Anyone surprised that holiday shoppers continue to break online purchasing records has spent little time adopting New Digital Ways. IBM reported this week a 20.6 percent increase in online sales on Cyber Monday compared with that same day a year ago. Growth was 16.5 percent when tallying online purchases made from Thanksgiving through the Monday that followed.
Tops among American cities in Cyber Monday sales: New York. Philadelphia ranked seventh in cyber buys the Monday after Thanksgiving.
It may be tempting to assume that department stores remained asleep at the online switch while Internet-savvy competitors stuffed their virtual sacks with consumer cash. But that would be . . . wrong.

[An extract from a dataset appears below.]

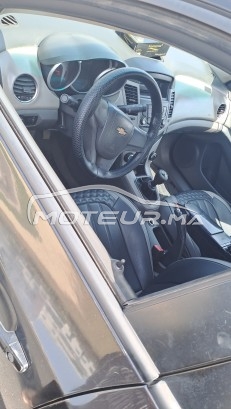 شيفروليه كروزي مستعملة 2493600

Department stores saw Cyber Monday sales grow 70.3 percent, with average order value also up, 18.7 percent, to $161.83, over last year. The once-endangered department store, in other words, is in the Internet game big-time.
Nearly a third of all online traffic on Cyber Monday came from mobile devices - a 45 percent increase over last year. Actual purchases on mobile devices also soared, to 17 percent of all online sales that day, IBM said. That amounts to an increase of 55.4 percent over last year.
But tech-savvy shoppers weren't just tapping away on any old touchscreen to finalize the deal. IBM found smartphones were used more to browse, and resulted in only 5.5 percent of all online sales. Tablets, on the other hand, drove 11.7 percent of all Cyber Monday online sales.
The tight budgets of all but the wealthiest U.S. households continue to alter the shopping scene, a trend that has stuck since the 2008 financial markets crash.
This year, with Black Friday clearly no longer the daylong kickoff to the holiday spending spree, the race for that limited consumer cash extended over a days-long marketing orgy of "Holiday Deals and Doorbusters!" as retailers opened earlier and pushed sales on many days.
The National Retail Federation found that 27 percent more people shopped on Thanksgiving this year than last year, both online and in stores - a reflection, at the very least, of the very many more stores that opened that day compared with last year.
But did shoppers splurge? If only. They spent, on average, less than last year from Thursday through Sunday, NRF estimated: $407.02 compared with $423.55 a year ago.
One of the most interesting scenes at King of Prussia mall on Black Friday was inside the one department store where perhaps the most is at stake this year: J.C. Penney Co.
Capping what must have been several weeks of frenzied shuffling of displays, the department store was dense with racks of merchandise. It was a complete turnaround from the sparse displays that former chief executive Ron Johnson ushered in during a period that saw the retailer hemorrhage billions of dollars in sales. His ouster came in April.
The return of a Penneys tradition - free snow globes to all customers - and the sight of such deals as $13.99 women's cable knit sweaters seemed to draw more Black Friday customers than last year.
Said store manager Greg Watson: "This is our return back to where we were two years ago."